Rwanda: l’accord de la discorde

Les juges du Tribunal pénal international pour le Rwanda à Arusha. Le TPIR fait face à une nouvelle crise. 

		(Photo: AFP)
Les juges du Tribunal pénal international pour le Rwanda à Arusha. Le TPIR fait face à une nouvelle crise.
(Photo: AFP)
Une délégation d’officiels rwandais est à Arusha pour signer un accord devant permettre le transfert de certains détenus du Tribunal pénal international pour le Rwanda (TPIR) vers Kigali. Un projet contre lequel ces détenus protestent. Ils menacent d’entamer un mouvement de grève de la faim ce jeudi.

De notre correspondant à Arusha

Dix ans après le génocide des Tutsis, entre le pouvoir rwandais et le TPIR, le temps des crises a répétition semble révolu. Mais va-t-il laisser place à l’affrontement entre le tribunal et ses détenus ? À la faveur de la signature annoncée d’un accord relatif au transfert de certains détenus de l’institution internationale vers le Rwanda –afin qu’ils y soient jugés et/ou incarcérés pour purger leurs peine – c’est une page de l’histoire des rapports entre Kigali et Arusha qui va être tournée. La normalisation de ses rapports avec Kigali place pourtant le TPIR face à une autre crise.

Certes, pour la juridiction internationale et le pouvoir rwandais, l’accord de transfert ne présente que des avantages. En plus de contribuer à de meilleurs rapports entre Arusha et Kigali, il permet au TPIR de désengorger sa prison et donc de terminer ses travaux en 2010 comme exigé par le Conseil de sécurité de l’ONU. Au rythme des procès, difficile en effet d’envisager qu’on aura jugé la cinquantaine de prévenus restant au TPIR en moins de six ans alors qu’on en a jugé laborieusement une vingtaine en dix ans. Quant au pouvoir rwandais, détenir et juger quelques uns des hauts responsables présumés du génocide comporte des avantages politiques évidents, et l’on songe forcément aux répercussions en Israël du procès du criminel nazi Eichmann jugé en 1962 à Jérusalem.

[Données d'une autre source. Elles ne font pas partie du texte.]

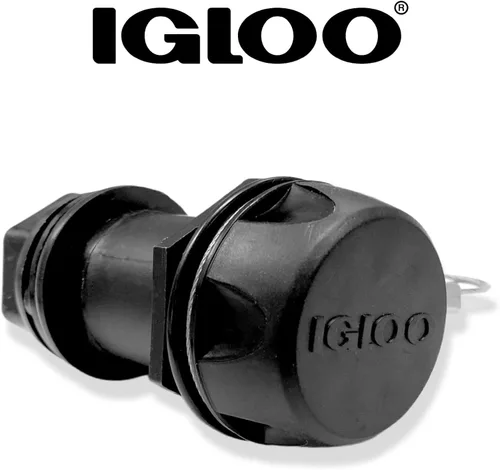 Miniatura 5 de Igloo Tapón de drenaje con correa de acero inoxidable para enfriadores BMX, Overland e IMX de 25-72 cuartos de galón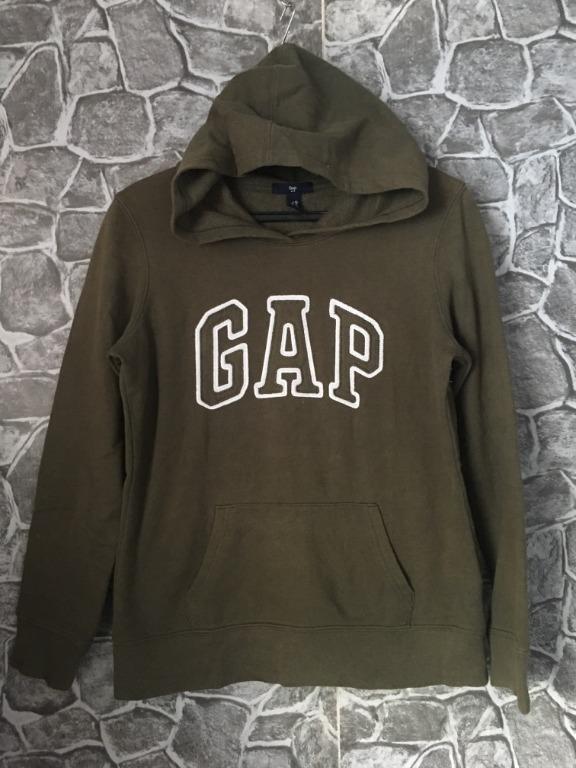 Olive green gap hoodie outlet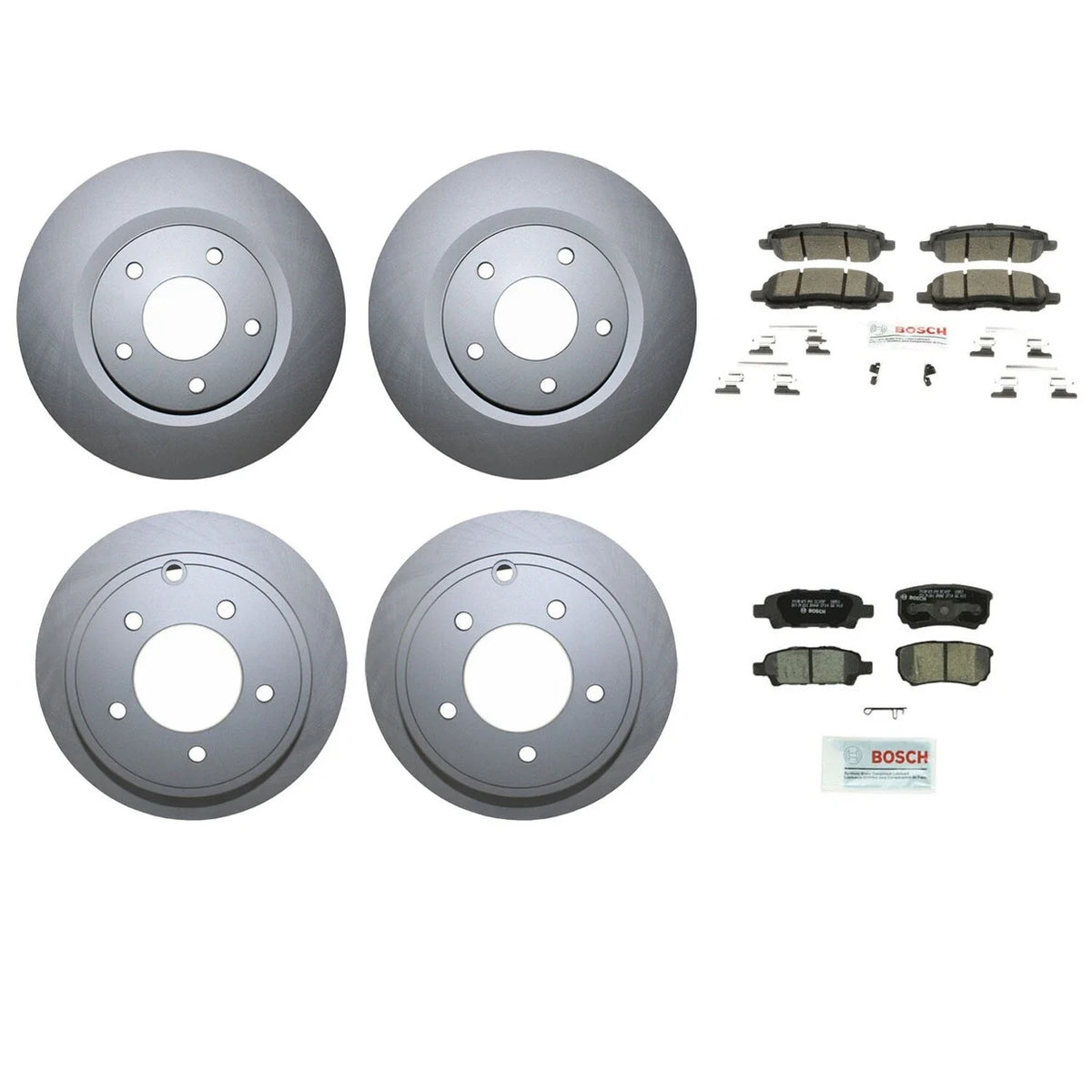Disc Rotors & Ceramic Pads Brake Kit for Front and Rear Chrysler Dodge Jeep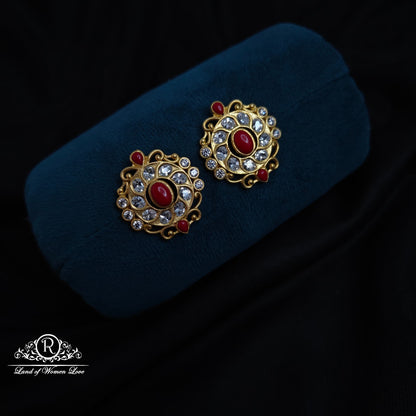 earrings silver coral earrings - rcm1089 coral 92.5 silver ramala jewelry / ramala collections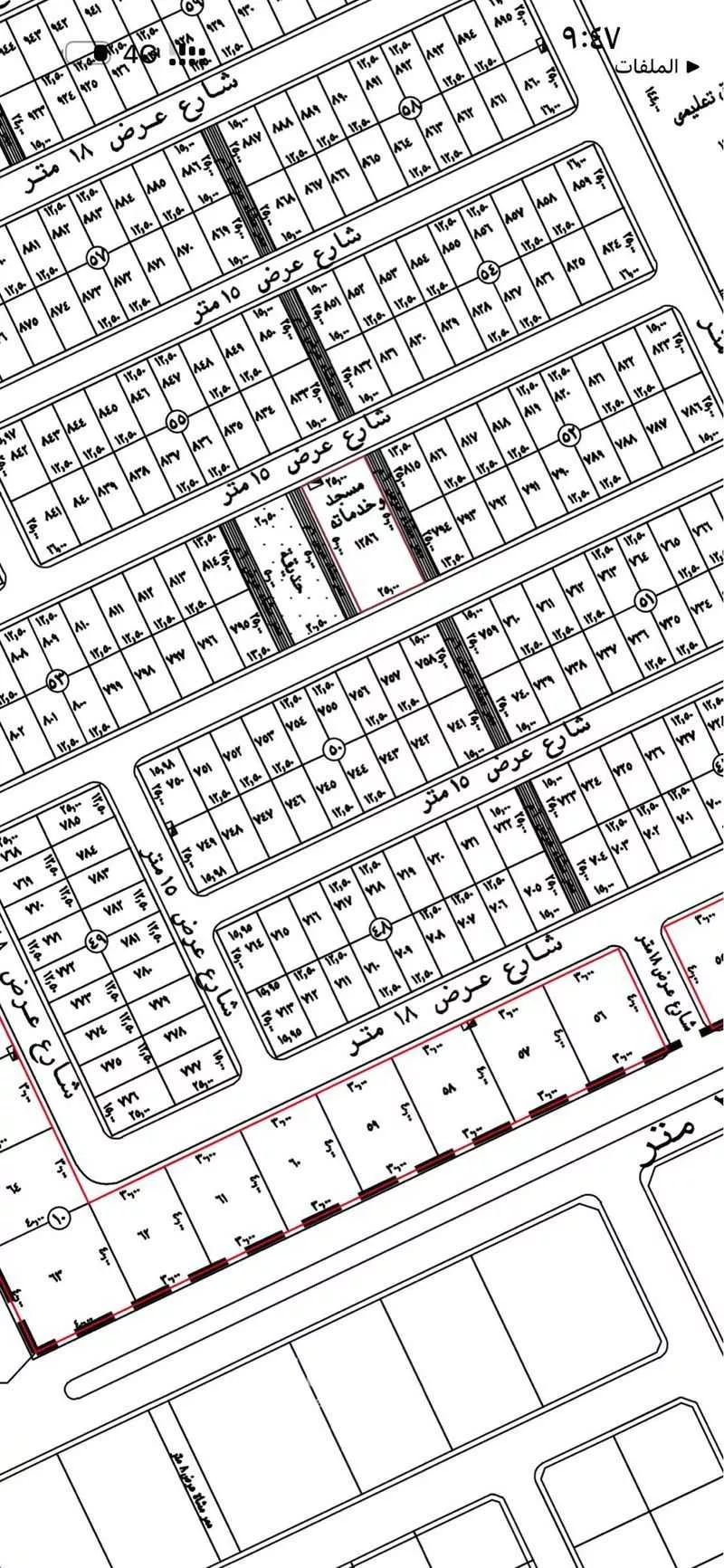 أرض 312 م² في الرمال 2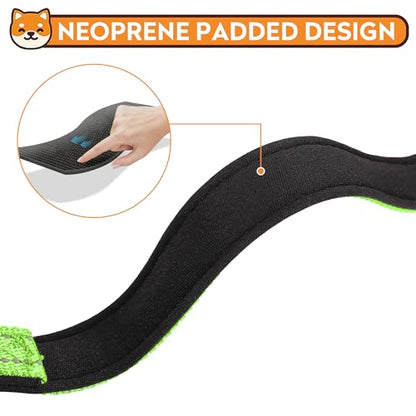 Reflective Dog Collar, Adjustable Soft Neoprene Padded Nylon Pet Collars with Buckle for Puppy and Small Dogs, Cats, Green,XS - color: Green, size: X-Small
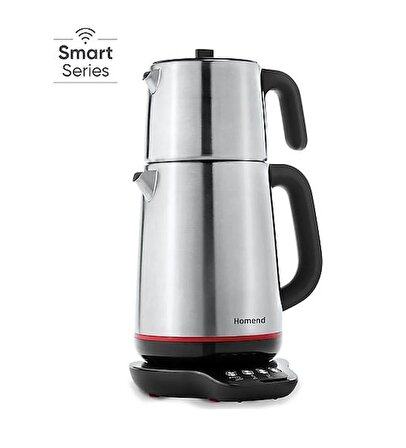 (AMBALAJ HASARLI) Homend Royaltea Smart 1791H Wi-Fi 1800 W Konuşan Çay Makinesi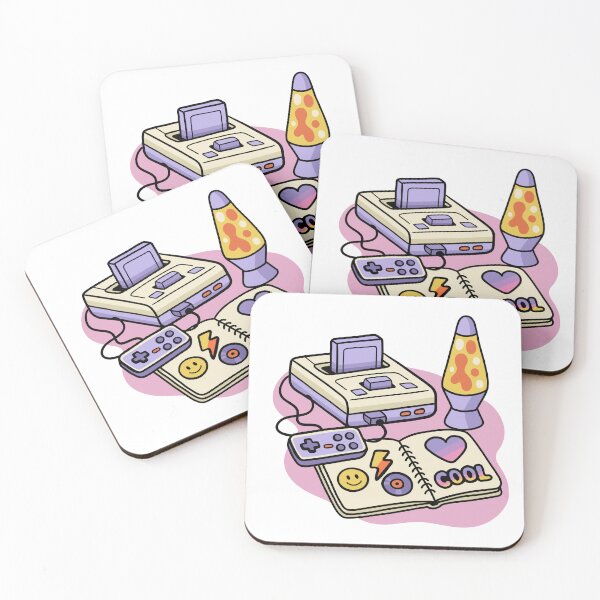 Item preview, Retro Gamer Memories – Cute 90s-Inspired Doodle Art designed and sold by Tattyarts.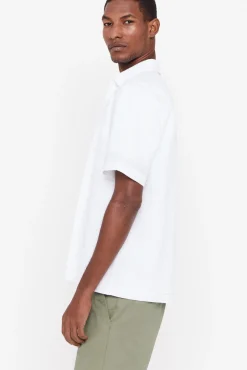 Camisa Lisa Lino Algodon Manga Corta^Cortefiel Outlet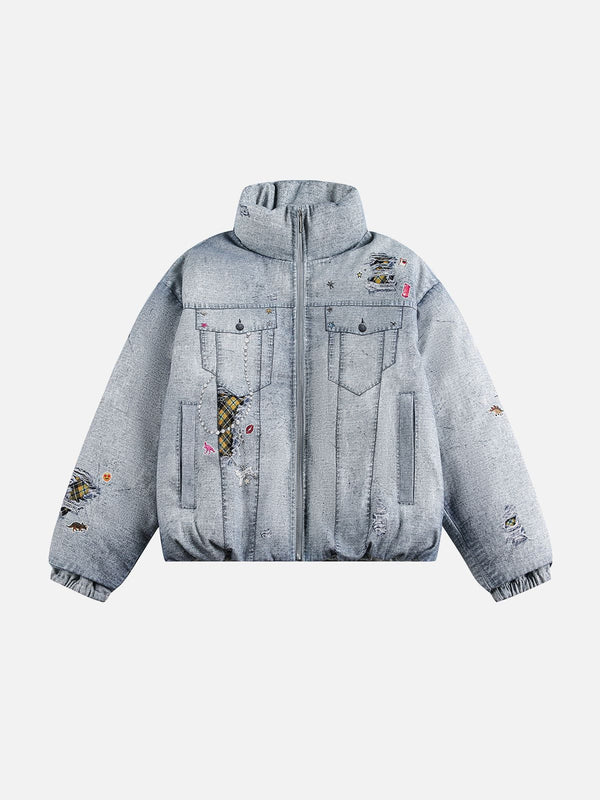 Aelfric Eden Denim Graphic Coat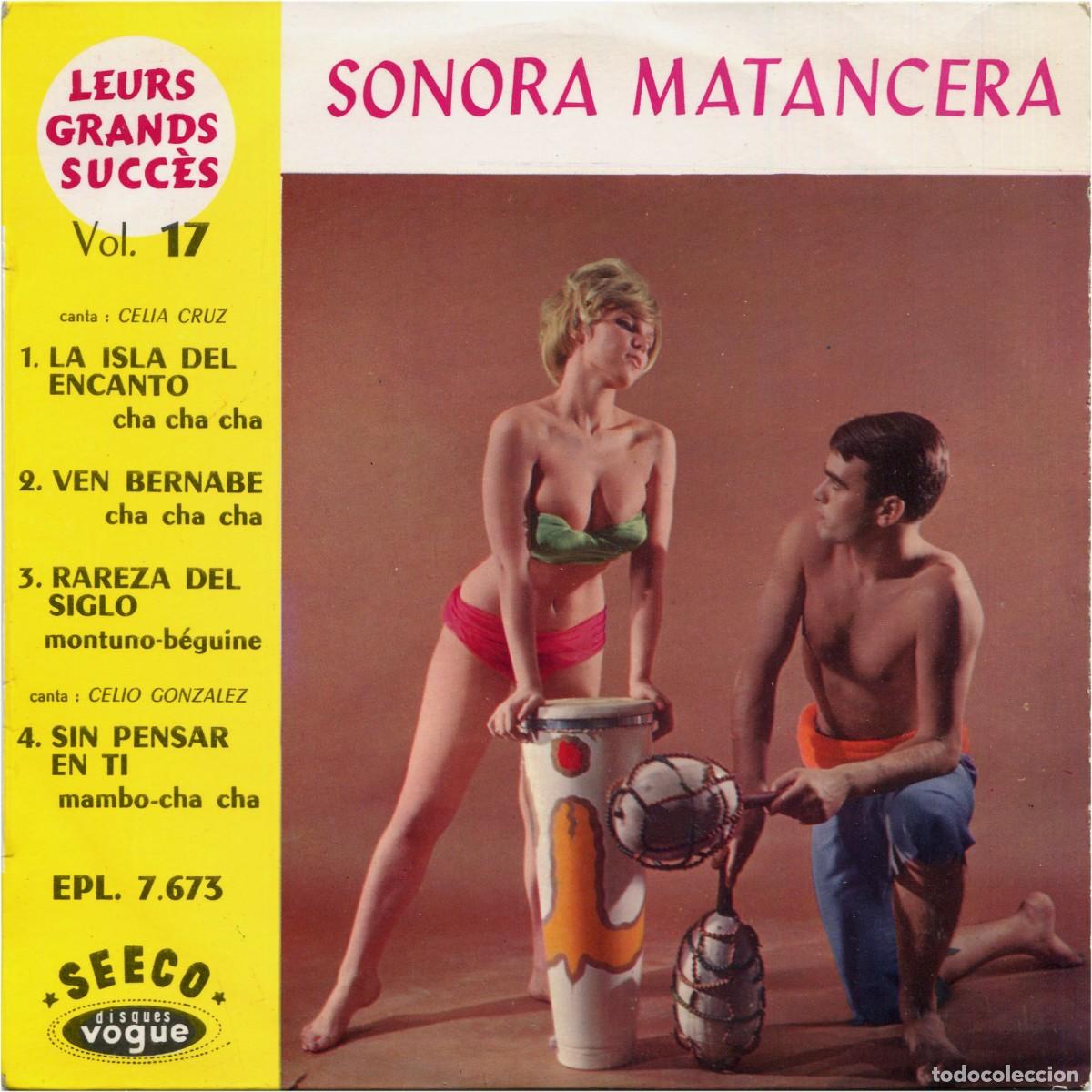 Discos de vinilo: La Sonora Matancera, canta Celia Cruz - Leurs Grands Succ&egrave;s Vol. 17 - EP France - Seeco/Vogue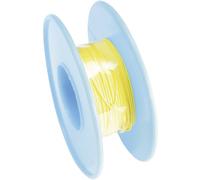 TRU COMPONENTS 1566860 Fil de bobinage Wire Wrap 1 x 0.05 mm² jaune 15 m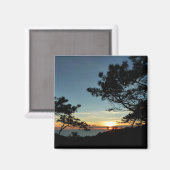 Aimant Torrey Pine Sunset III Paysage californien (Recto/Verso)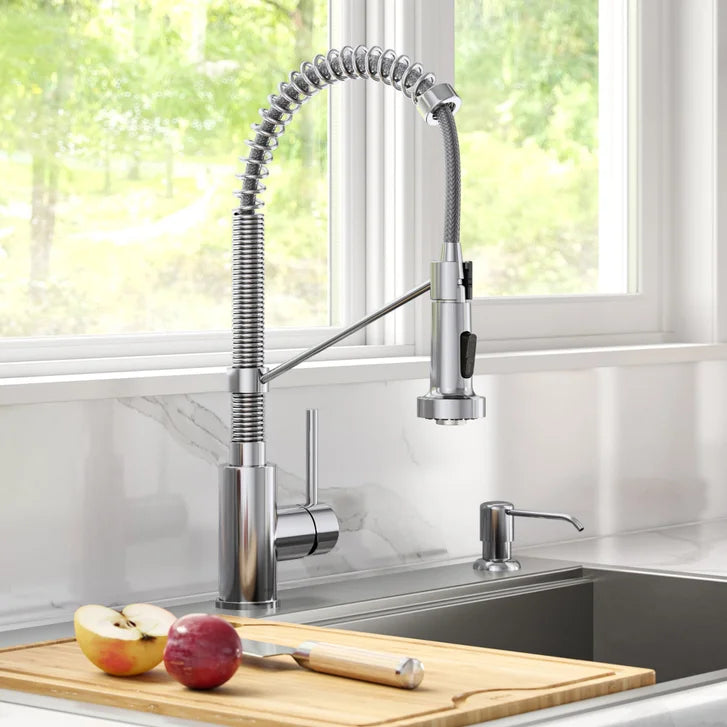 KRAUS Bolden 18-in Pull-down Faucet with Soap Dispenser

Grève de la faim dans 72 heures

Or il y a quelques semaines déjà les détenus du TPIR estimaient dans un communiqué qu’un transfert au Rwanda «équivaut à un arrêt de mort». Le pouvoir actuel de Kigali étant à leurs yeux «responsable de l’hécatombe qu’a vécu le Rwanda en 1994», ce serait, écrivaient-ils, les livrer à leur «bourreau» que de permettre leur transfert au Rwanda. Dans un autre communiqué publié ce lundi a Arusha, suite à l’annonce de la présence dans la ville tanzanienne de la délégation rwandaise venue parapher l’accord de transfert, les détenus ont franchi un cap. Ils promettent désormais de lancer un mouvement de grève de la faim dans 72 heures. D’ici la, ils ont boycotté les audiences de lundi et devraient être absents lors de celles de mardi et mercredi. Les pressions ainsi exercées visent manifestement à paralyser le déroulement des procès si l’accord devait être signé. Deux procès (dont celui du père Athanase Seromba, premier prêtre catholique jugé devant le TPIR pour génocide) se sont ouverts ce lundi en l’absence des accusés et rien n’indique qu’ils se poursuivront. La règle étant de ne pas juger les prévenus en leur absence devant ce tribunal.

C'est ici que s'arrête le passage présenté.